US 11,922,316 B2
Training a neural network using periodic sampling over model weights
Samarth Tripathi, Mountain View, CA (US); Jiayi Liu, Fremont, CA (US); Unmesh Kurup, Sunnyvale, CA (US); and Mohak Shah, Dublin, CA (US)
Assigned to LG ELECTRONICS INC., Seoul (KR)
Filed by LG ELECTRONICS INC., Seoul (KR)
Filed on Aug. 13, 2020, as Appl. No. 16/993,147.
Claims priority of provisional application 62/915,032, filed on Oct. 15, 2019.
Prior Publication US 2021/0110274 A1, Apr. 15, 2021
Int. Cl. G06N 3/084 (2023.01); G06F 17/18 (2006.01); G06F 18/10 (2023.01); G06N 5/046 (2023.01)

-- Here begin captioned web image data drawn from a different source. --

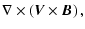 $\displaystyle \nabla\times \left({\vec V}\times {\vec B}\right),$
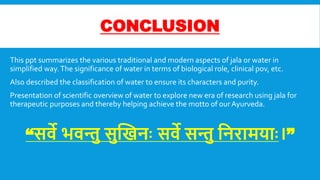 CONCLUSION
This ppt summarizes the various traditional and modern aspects of jala or water in
simplified way.The significance of water in terms of biological role, clinical pov, etc.
Also described the classification of water to ensure its characters and purity.
Presentation of scientific overview of water to explore new era of research using jala for
therapeutic purposes and thereby helping achieve the motto of ourAyurveda.
“सिे भिन्तु सुखिनः सिे सन्तु वनरामयाः।”
 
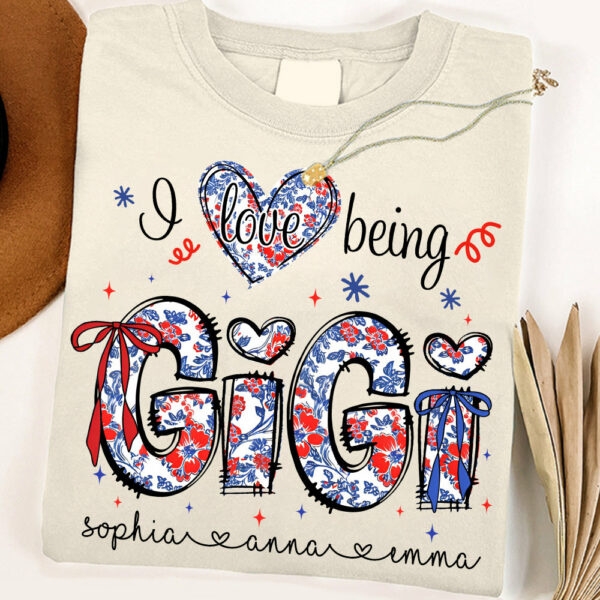 I Love Being Gigi - Personalized Grandma Shirt, Custom Nickname and Kid, Gift For Mother's Day, Independence Day NA04
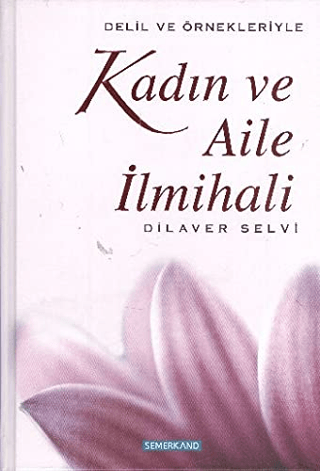 Delil ve Örnekleriyle Kadın ve Aile İlmihali Dilaver Selvi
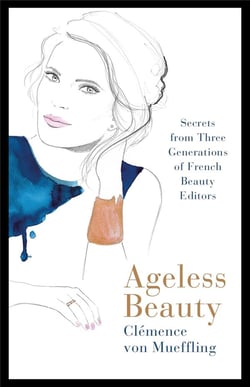 Ageless beauty: secrets from three generations of french beauty editors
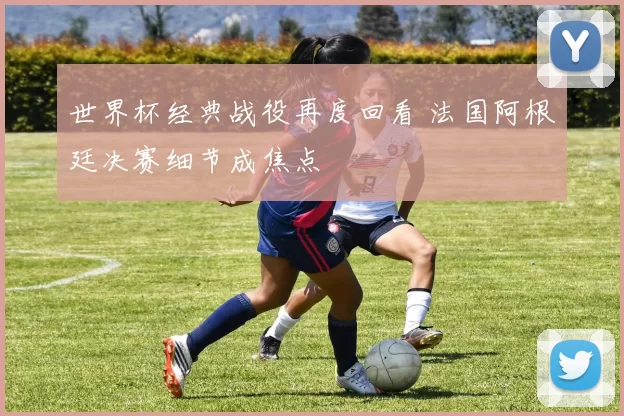 世界杯经典战役再度回看 法国阿根廷决赛细节成焦点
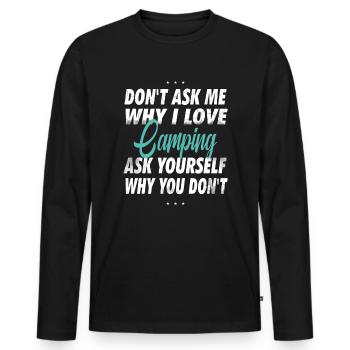 Don't ask me why I love camping - Men's Premium Organic Long Sleeve Shirt - black - Front - Nico (187cm)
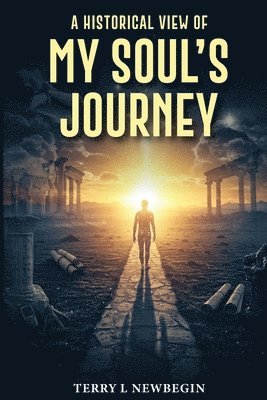 Historic View of My Soul's Journey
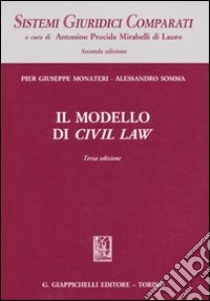 IL modello di Civil Law libro di Monateri Pier Giuseppe; Somma Alessandro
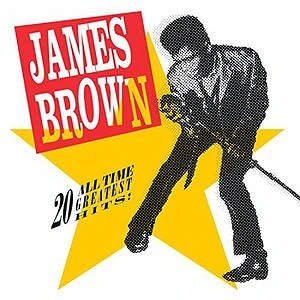 James Brown - 20 All-time Greatest Hits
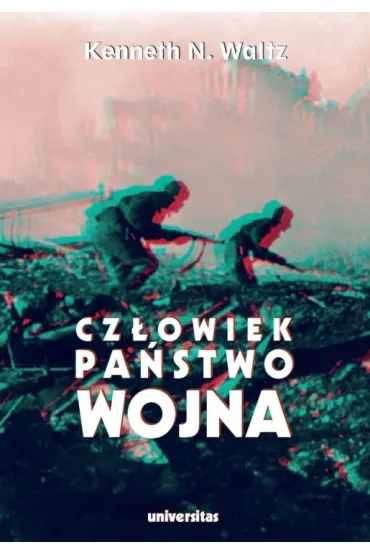 Cz�owiek, pa�stwo, wojna. Analiza teoretyczna - Kenneth N. Waltz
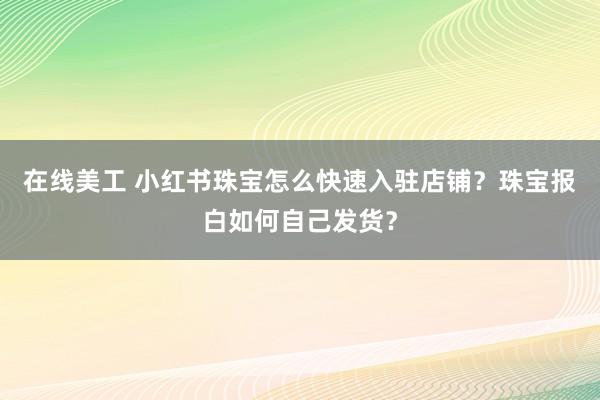 在线美工 小红书珠宝怎么快速入驻店铺？珠宝报白如何自己发货？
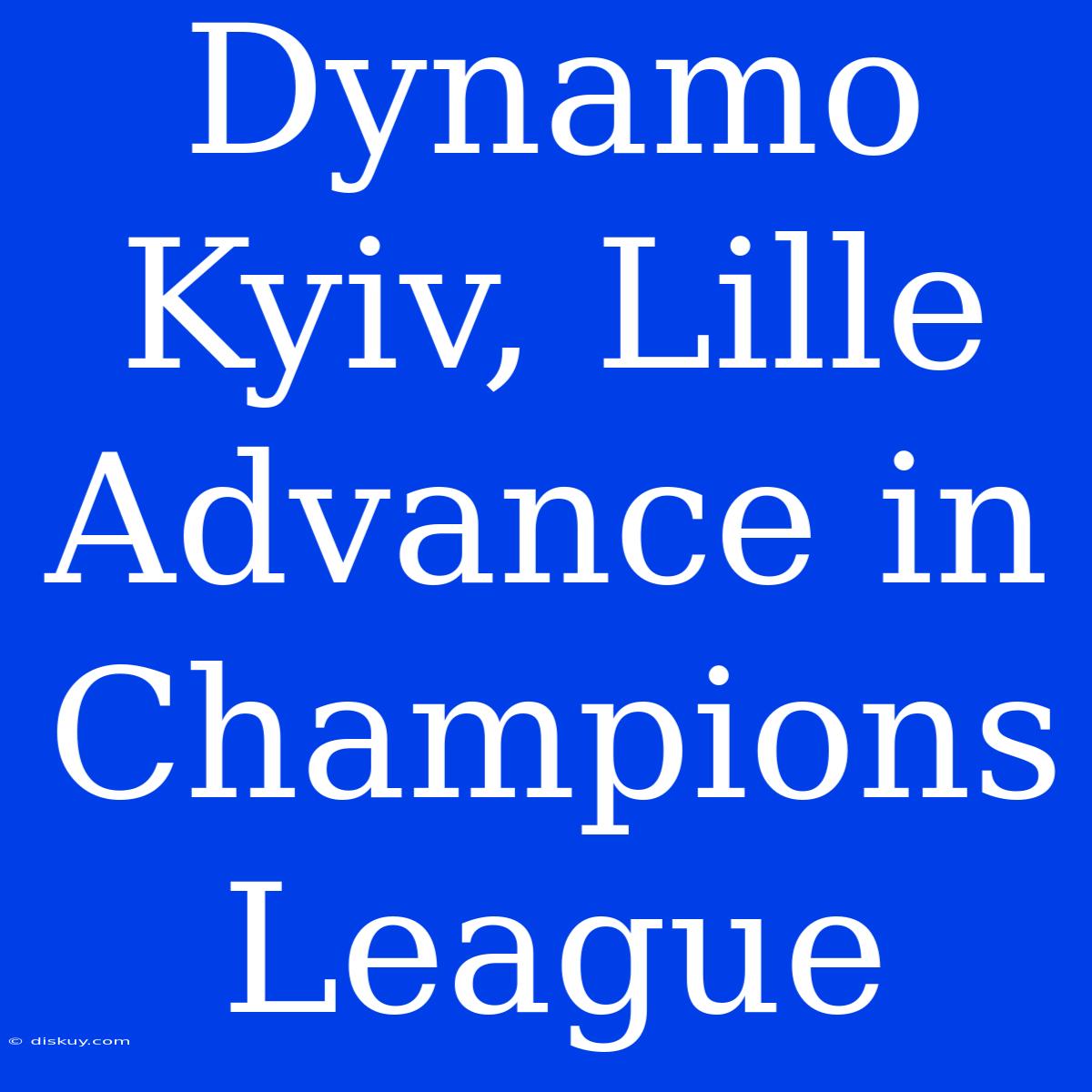 Dynamo Kyiv, Lille Advance In Champions League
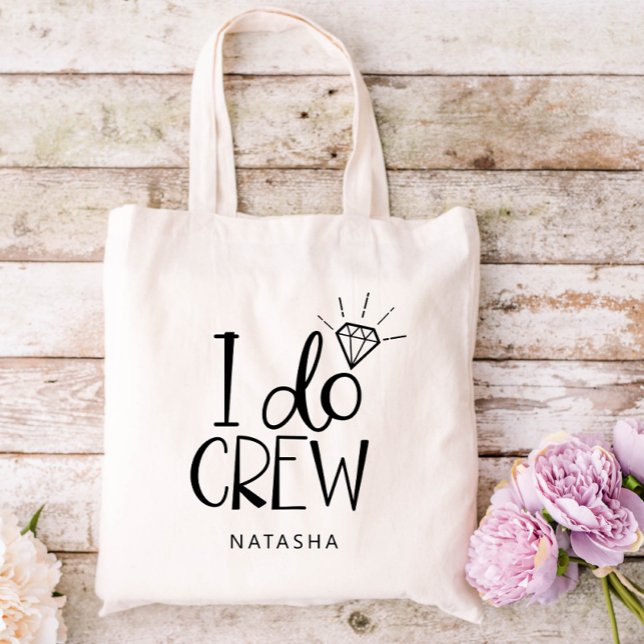 Diamond I Do Crew Wedding - Add Your Name Tote Bag (Creator Uploaded)
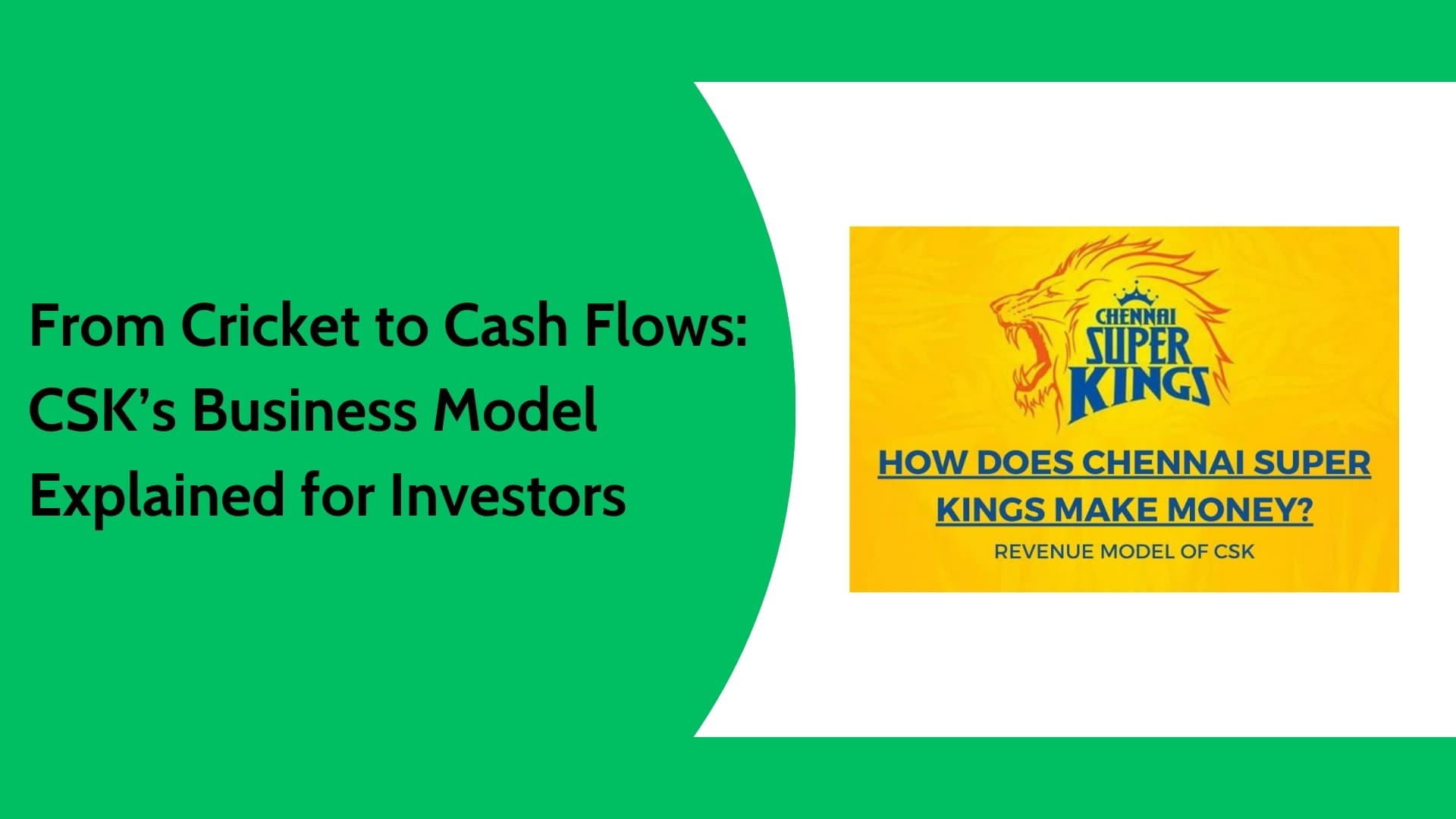 CSK Business Model Explained: Share Price, Revenue & Unlisted Shares India
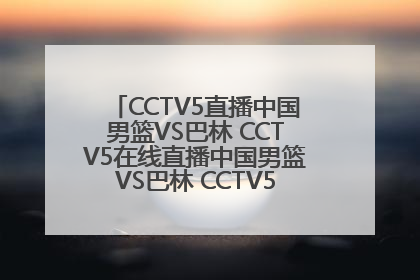 CCTV5直播中国男篮VS巴林 CCTV5在线直播中国男篮VS巴林 CCTV5现场直播男篮亚锦赛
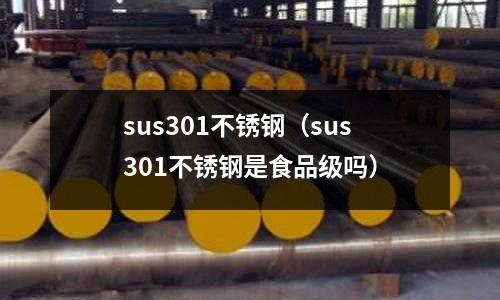 sus301不銹鋼(sus301不銹鋼是食品級嗎)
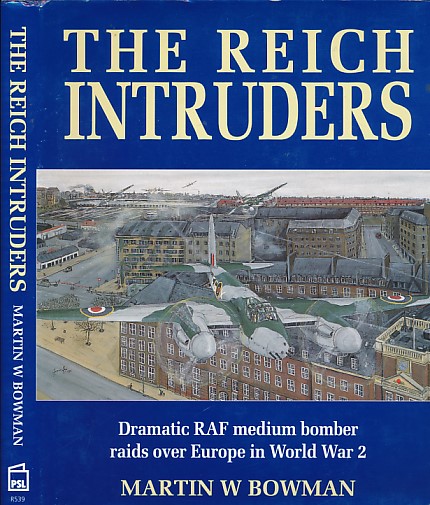 The Reich Intruders. Dramatic RAF Medium Bomber Raids Over Europe in World War 2.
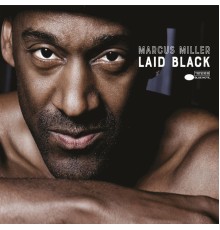 MARCUS MILLER - Laid Black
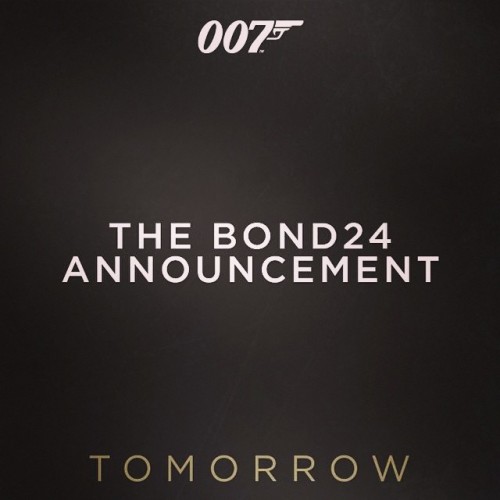 sonypicturesuk: Tomorrow…. The Bond24 Announcement! #Bond #007 #exclusive #movie https://www.youtu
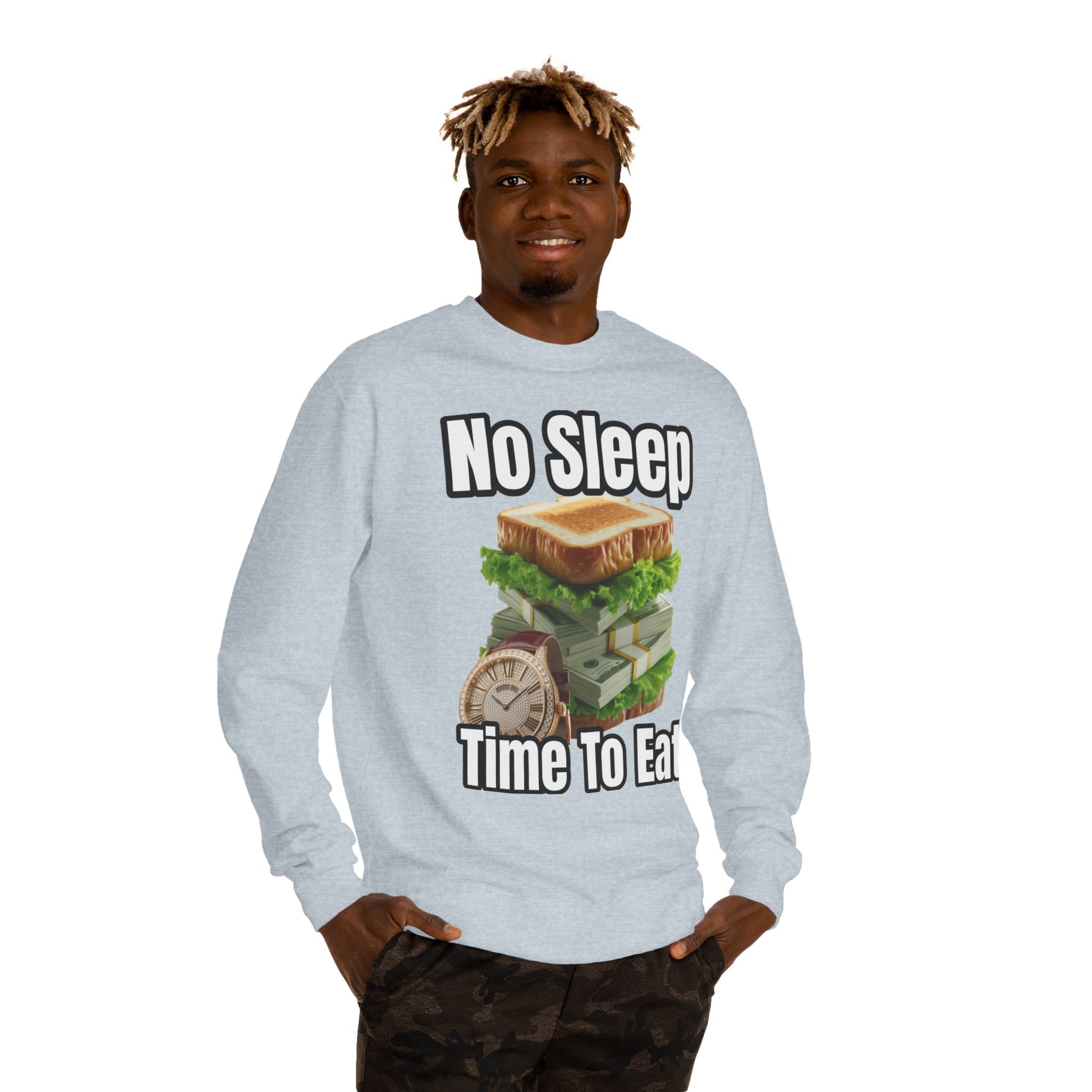 Unisex Sweatshirt No Sleep Time To Eat
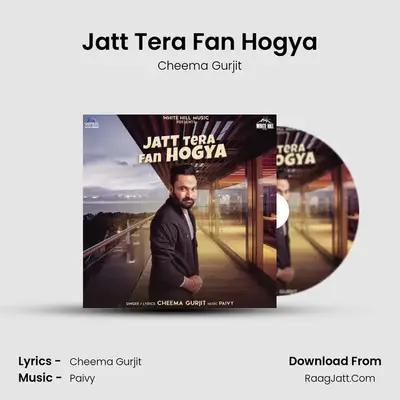 Jatt Tera Fan Hogya MP3 Song by Cheema Gurjit Cover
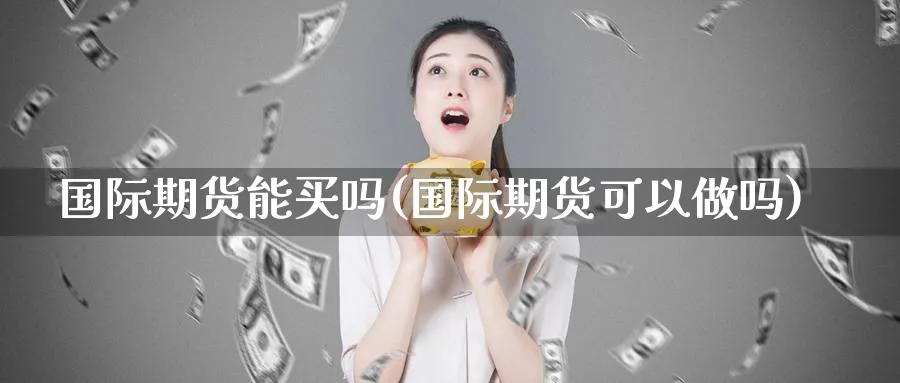 国际期货能买吗(国际期货可以做吗)_国际期货_第1张_青花期货直播间 国际期货能买吗(国际期货可以做吗)_https://qh.ynbygsw.com_国际期货_第1张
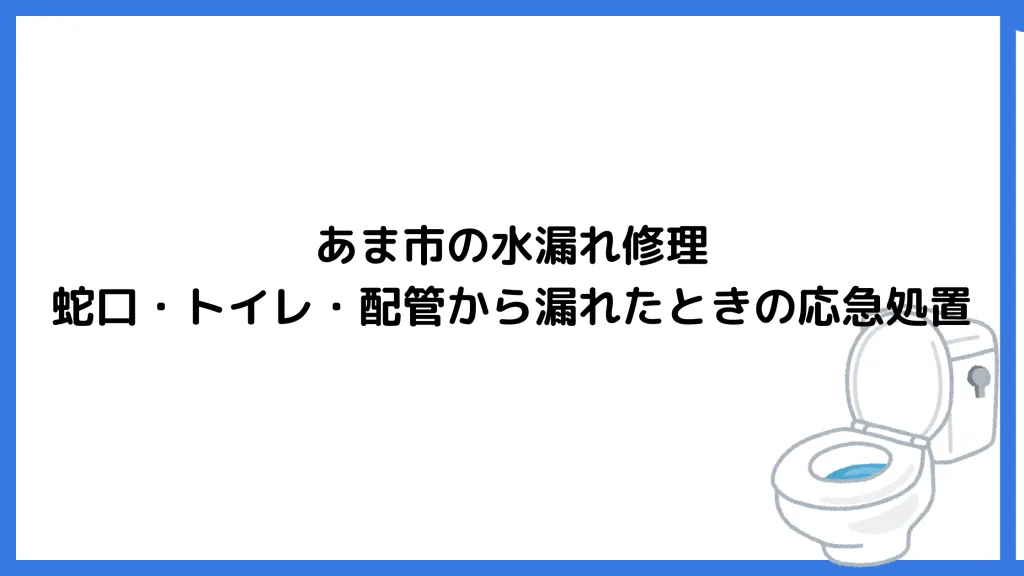 あま市の水漏れ修理｜蛇口・トイレ・配管から漏れたときの応急処置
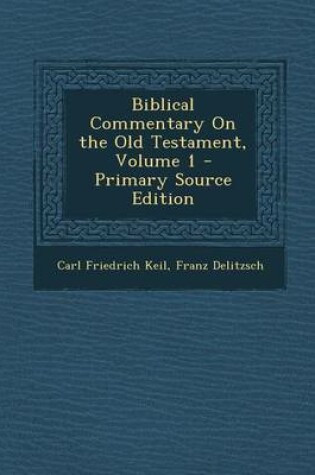 Cover of Biblical Commentary on the Old Testament, Volume 1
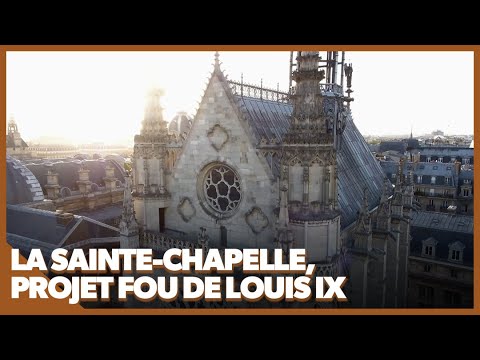 The Sainte-Chapelle, Louis IX's crazy project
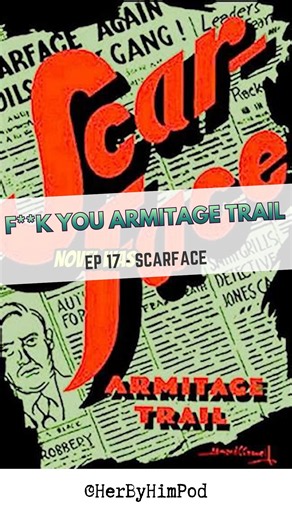 Clip Ep 17 @HerbyHimPod - Scarface (1983). F**k You Armitage Trail.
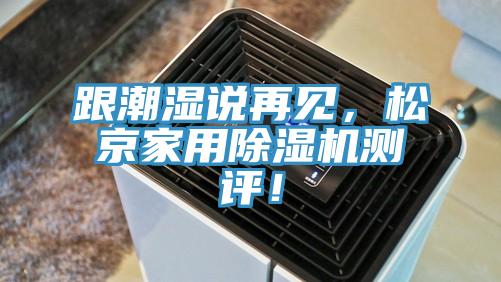 跟潮濕說(shuō)再見(jiàn)，松京家用除濕機(jī)測(cè)評(píng)！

CPC G06N 3/084 (2013.01) [G06F 17/18 (2013.01); G06F 18/10 (2023.01); G06N 5/046 (2013.01)] 13 Claims
OG exemplary drawing
 
1. A computer-implemented method for training a neural network, the computer-implemented method comprising:
initializing one or more model parameters for training the neural network;
performing a forward pass and back propagation for a minibatch of training data comprising a plurality of batches of training data;
determining a new weight value for each of a plurality of nodes of the neural network based on an optimization algorithm;
for each determined new weight value, determining whether to update a running mean corresponding to a weight of each node from the plurality of nodes, wherein determining whether to update the running mean is based on:
whether a current batch of training data falls within a predefined last subset of batches of the minibatch; and
performing a random determination having a probability based on a value included in the one or more model parameters;
based on a determination to update the running mean, calculating a new mean weight value for each node using the determined new weight value,
wherein when the current batch of training data does not fall within the predefined last subset of batches of the minibatch, the running mean is not updated using the determined new weight value;
updating weight parameters for all nodes based on the calculated new mean weight values corresponding to each node;
assigning the running mean as the weight for each node when training on K number of minibatches is completed, wherein K is a predefined number; and
reinitializing running means for all nodes in the neural network at a start of training a K+1 minibatch of the training data.